ECLI:NL:CRVB:2017:3166
Centrale Raad van Beroep
- Hoger beroep
- Rechtspraak.nl
Onderzoek naar vermogen van bijstandsgerechtigden met Turkse nationaliteit en discriminatieverbod
In deze zaak heeft de Centrale Raad van Beroep op 12 september 2017 uitspraak gedaan in hoger beroep tegen een besluit van het college van burgemeester en wethouders van Almelo. De appellant, bijstandsgerechtigde met Turkse nationaliteit, was onderwerp van een themacontrole die gericht was op het onderzoeken van vermogen in het buitenland van bijstandsgerechtigden. Het college had vastgesteld dat appellant, samen met een aantal anderen, een band met Turkije had en had een onderzoek ingesteld naar zijn recht op bijstand. Dit leidde tot de opschorting en intrekking van zijn bijstandsuitkering op basis van vermeende onvolledige informatie over zijn eigendom in Turkije. De rechtbank Overijssel had het beroep van appellant tegen het besluit van het college ongegrond verklaard, maar appellant ging in hoger beroep.

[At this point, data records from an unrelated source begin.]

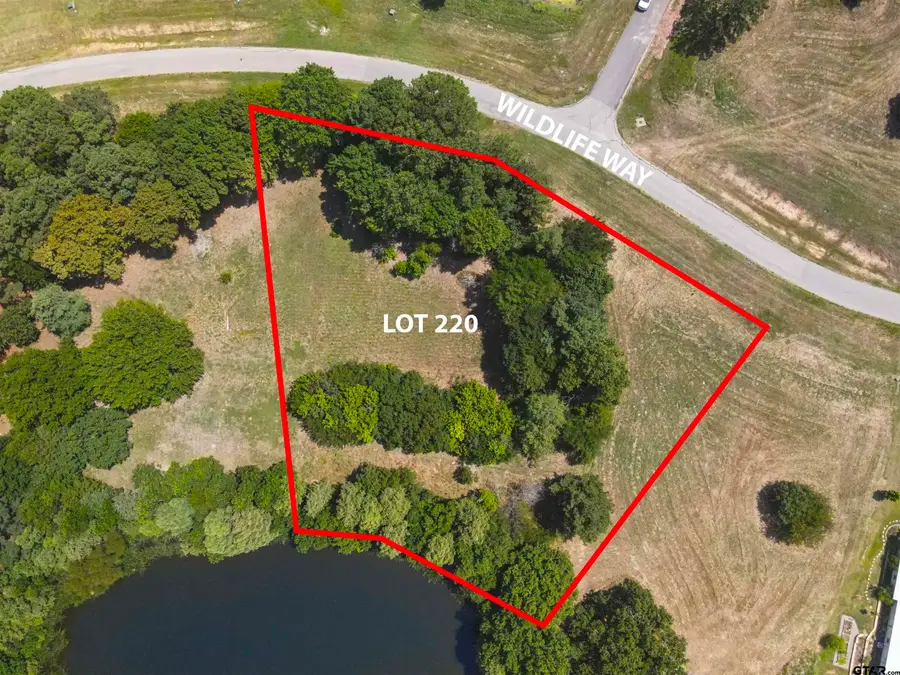 LOT 220 Wildlife Way, Athens, TX 75752 - Image #3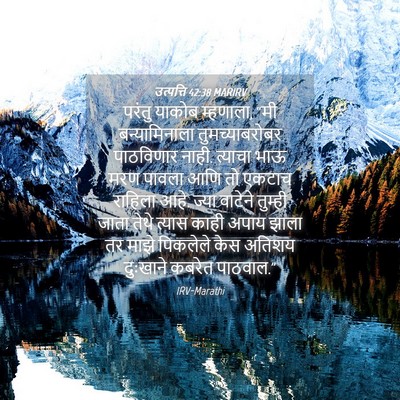Picture 04 - उत्पत्ति 42:38 MARIRV - परंतु याकोब - Bible Verse Picture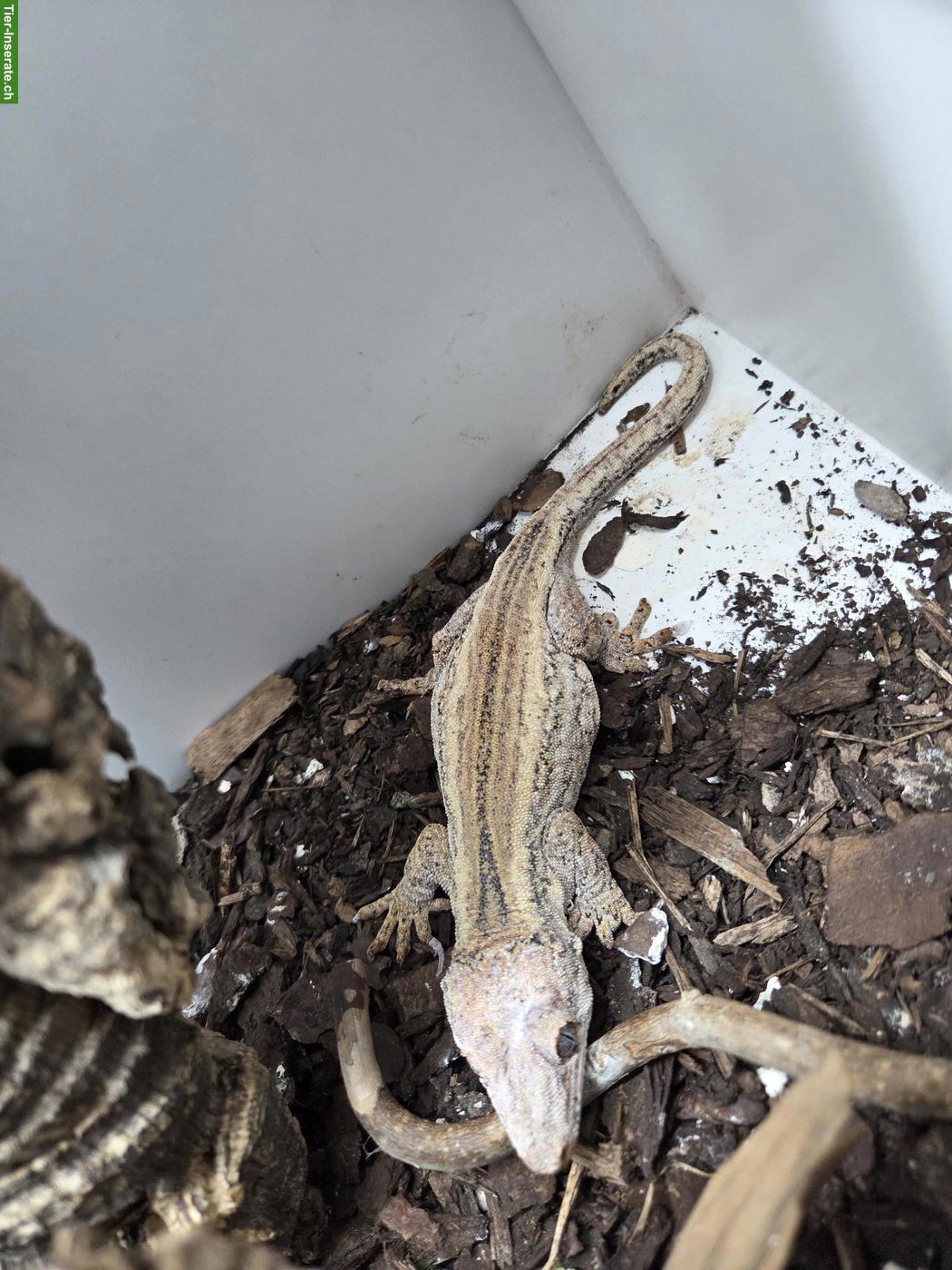 0.1.1 Rhacodactylus auriculatus (Höckerkopfgecko)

De Raad heeft in zijn overwegingen vastgesteld dat het college zich enkel had gericht op bijstandsgerechtigden van Turkse afkomst, wat in strijd is met het discriminatieverbod zoals neergelegd in artikel 14 van het Europees Verdrag voor de Rechten van de Mens (EVRM). De Raad oordeelde dat het college niet voldoende had aangetoond dat er zeer gewichtige redenen waren om dit onderscheid te rechtvaardigen. De Raad vernietigde de eerdere uitspraak van de rechtbank en verklaarde het beroep van appellant gegrond. De besluiten van het college werden herroepen, en het college werd opgedragen om opnieuw te beslissen op het bezwaar van appellant tegen het besluit van 13 juni 2014, met inachtneming van de uitspraak van de Raad. Tevens werd het college veroordeeld in de proceskosten van appellant.